● **AIM OF THE TASK**
Could you write out the records below exactly as they appear, leaving out any pictures?

(Stored data)
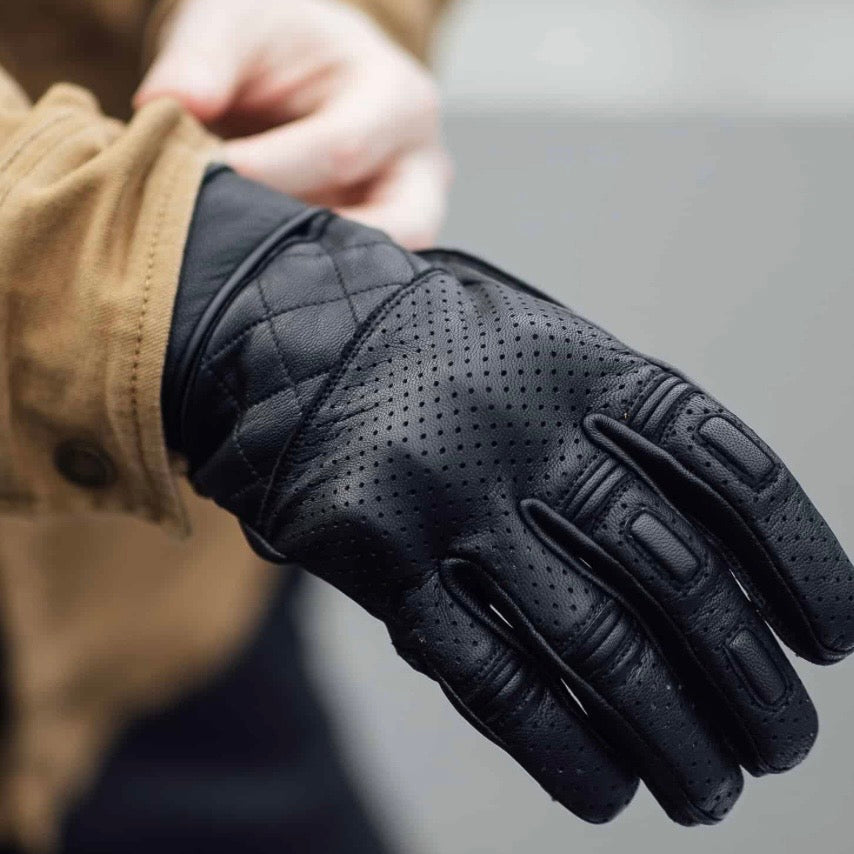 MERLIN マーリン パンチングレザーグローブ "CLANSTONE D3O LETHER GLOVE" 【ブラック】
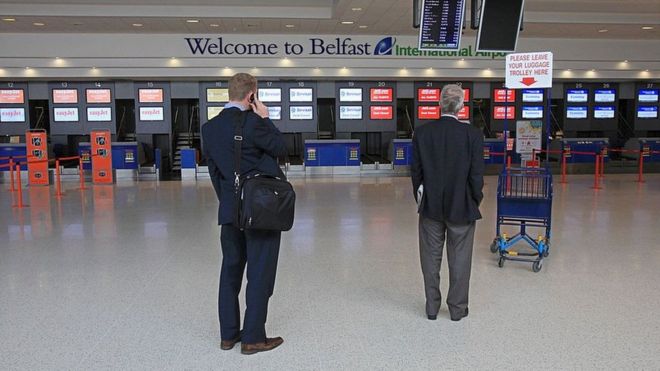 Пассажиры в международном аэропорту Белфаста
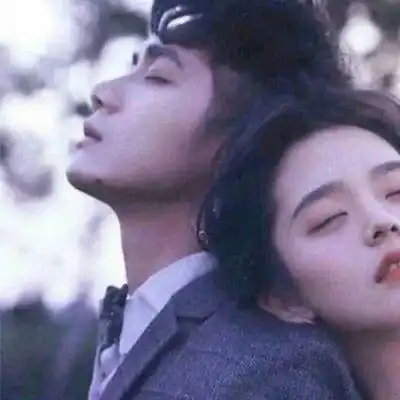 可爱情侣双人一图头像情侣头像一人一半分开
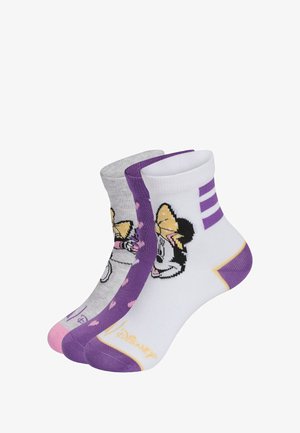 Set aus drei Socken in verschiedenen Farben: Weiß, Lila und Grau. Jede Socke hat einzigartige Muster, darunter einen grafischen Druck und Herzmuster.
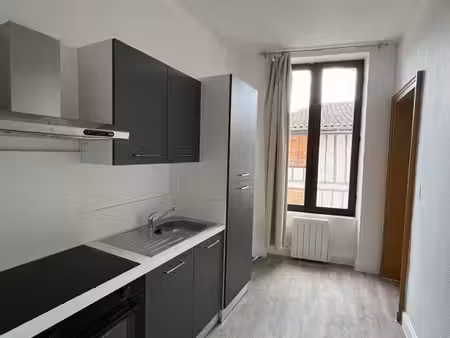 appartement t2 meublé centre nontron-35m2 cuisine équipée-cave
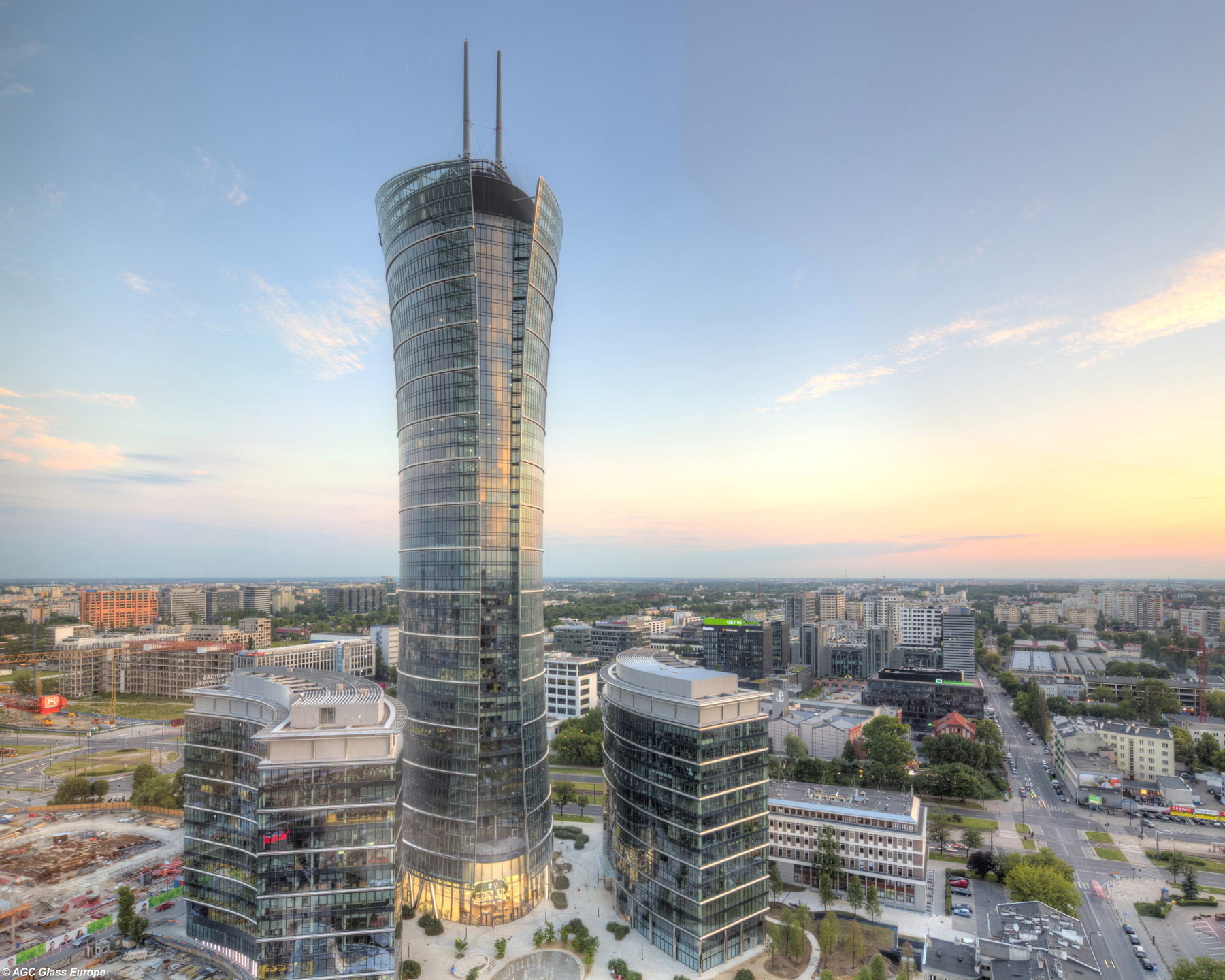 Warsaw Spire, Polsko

● **ANSWER BOX**
 MERLIN マーリン パンチングレザーグローブ "CLANSTONE D3O LETHER GLOVE" 【ブラック】
 Пассажиры в международном аэропорту Белфаста
 可爱情侣双人一图头像情侣头像一人一半分开
 Set aus drei Socken in verschiedenen Farben: Weiß, Lila und Grau. Jede Socke hat einzigartige Muster, darunter einen grafischen Druck und Herzmuster.
 appartement t2 meublé centre nontron-35m2 cuisine équipée-cave
 Warsaw Spire, Polsko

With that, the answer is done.